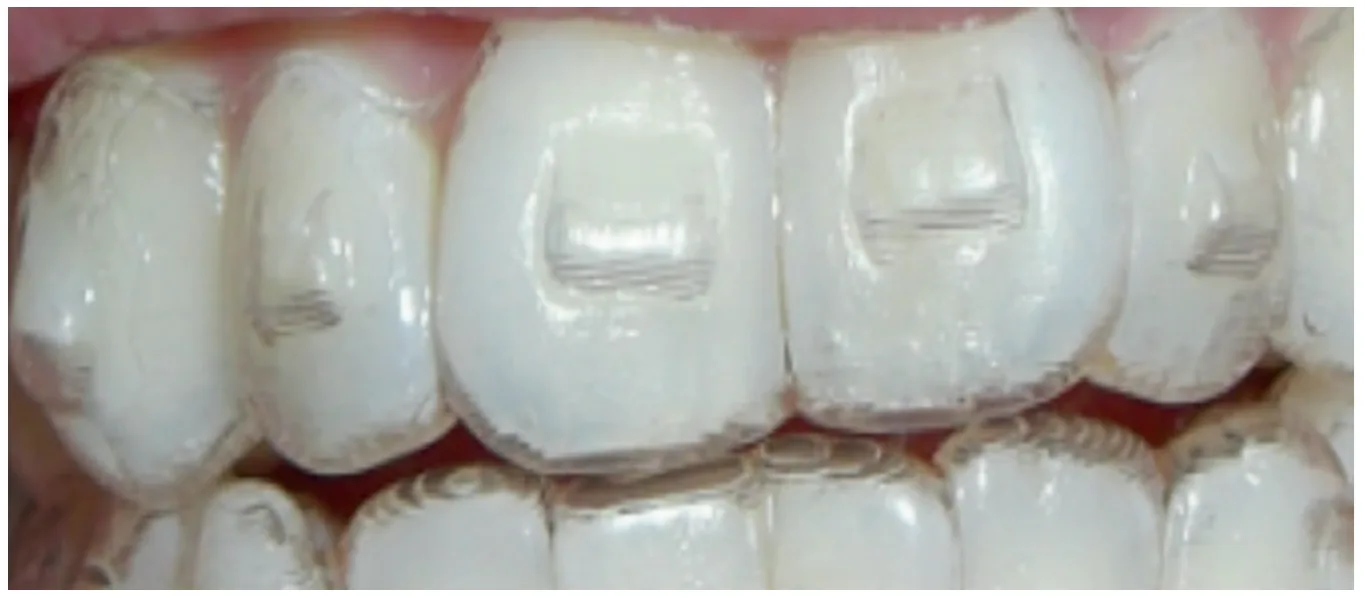 invisible retainer wedges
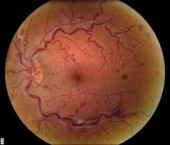 Retinal vein occlusion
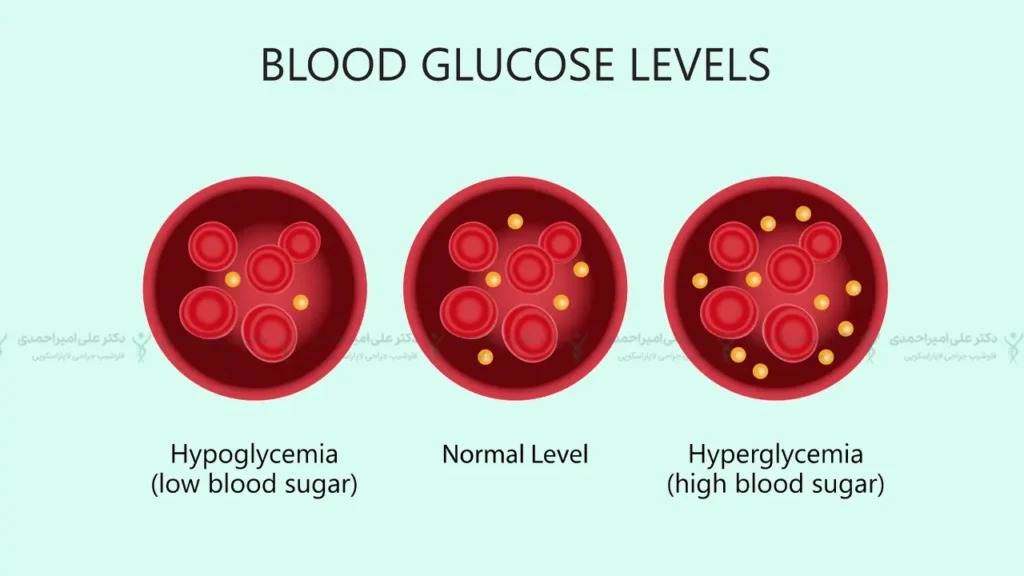 سطح قند خون در بیماری دیابت نوع 2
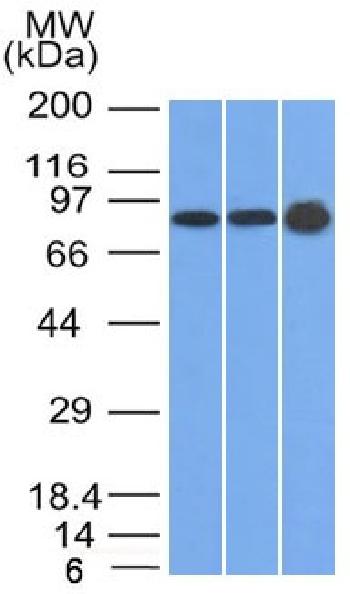 Anti-Plakophilin-1 (PKP1) Monoclonal Antibody(Clone: 10B2)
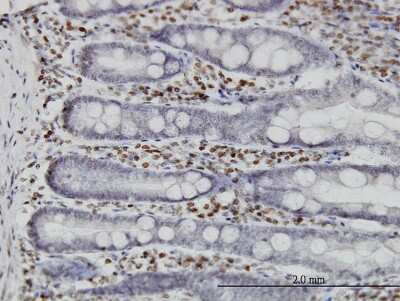 Immunohistochemistry-Paraffin: MNK1 Antibody (2F12) [H00008569-M14]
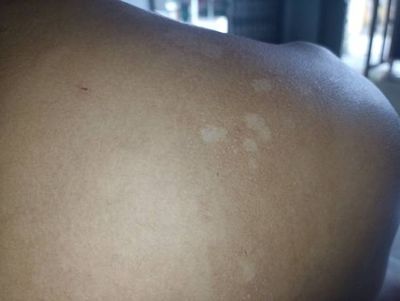 Ketofly Soap ( Indian)_img_11
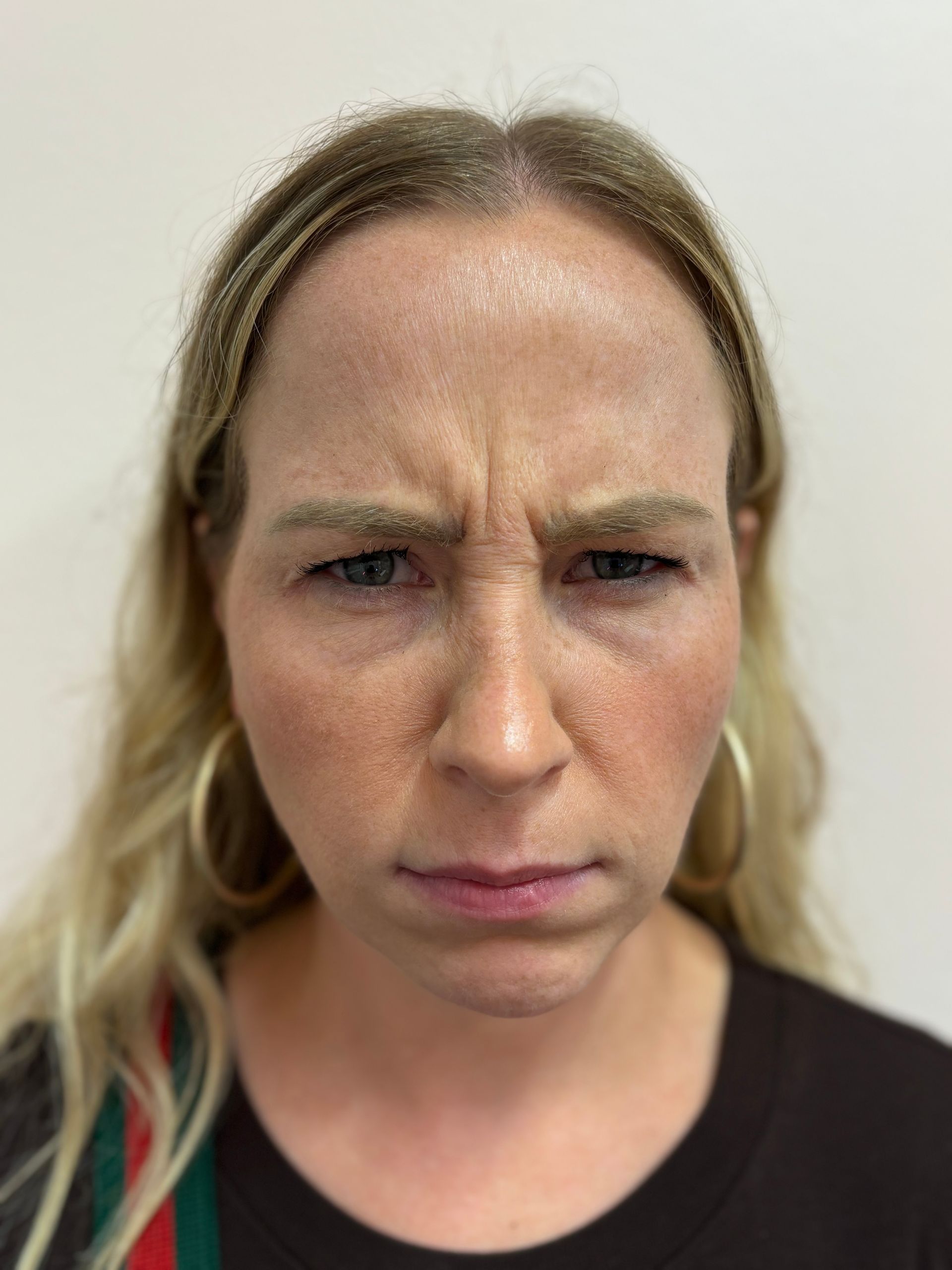 A woman with wrinkles on her forehead is making a funny face.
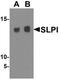 Secretory Leukocyte Peptidase Inhibitor antibody, NBP1-76396, Novus Biologicals, Western Blot image 
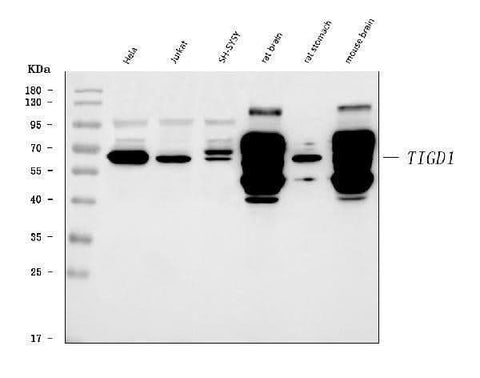 Anti-TIGD1 Antibody Picoband® Boster Bio
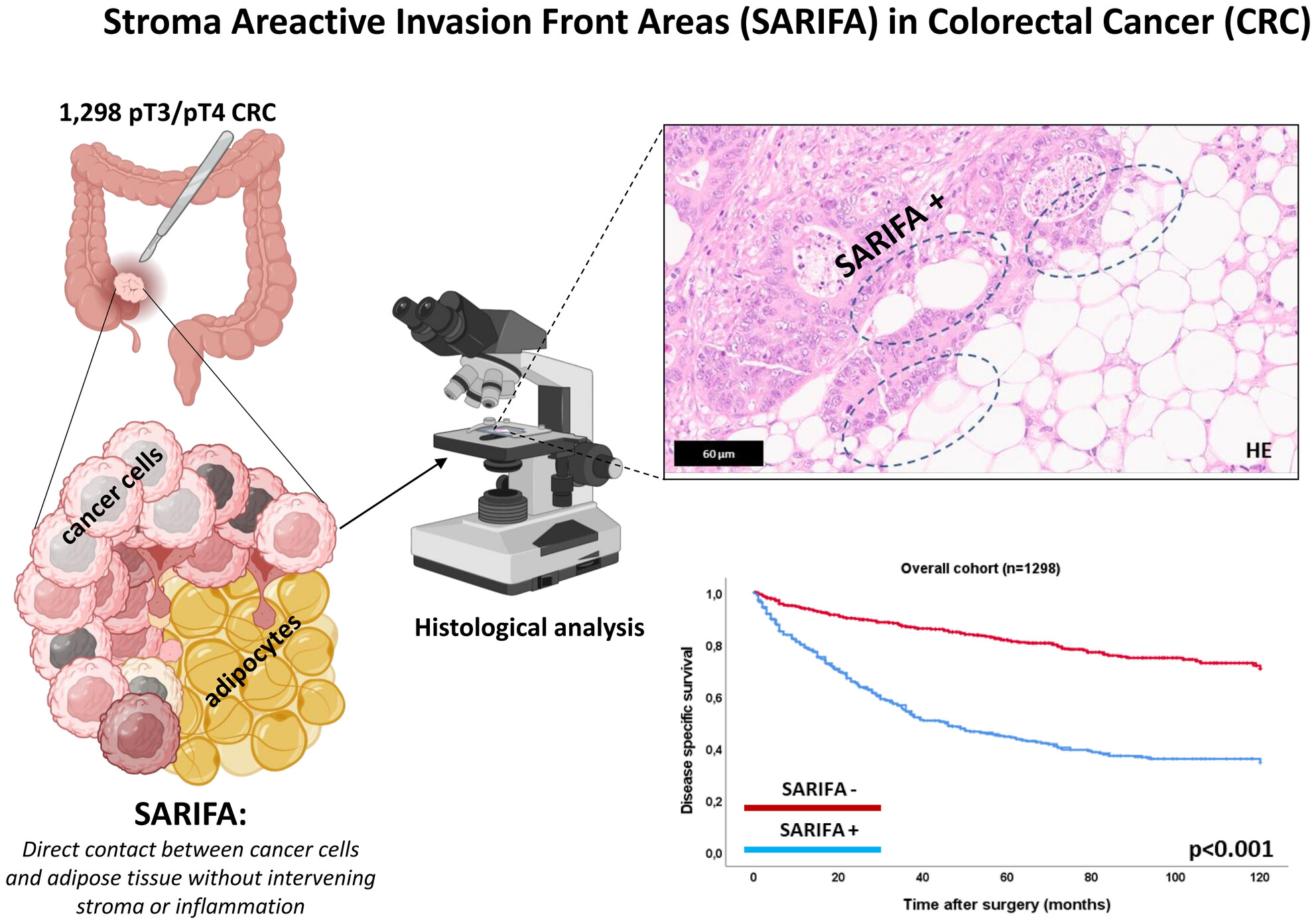 Stroma areactive invasion front areas (SARIFA) in 1,298 pT3/pT4 colorectal cancers: A strong prognostic parameter complementing established morphological criteria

**WHAT TO DO:** Only the lines from the line with "Secretory Leukocyte Peptidase" through the final line of the material belong in the answer, copied exactly and without pictures.

**OUTPUT FOR THIS EXERCISE:**
 Secretory Leukocyte Peptidase Inhibitor antibody, NBP1-76396, Novus Biologicals, Western Blot image 
 Anti-TIGD1 Antibody Picoband® Boster Bio
 Stroma areactive invasion front areas (SARIFA) in 1,298 pT3/pT4 colorectal cancers: A strong prognostic parameter complementing established morphological criteria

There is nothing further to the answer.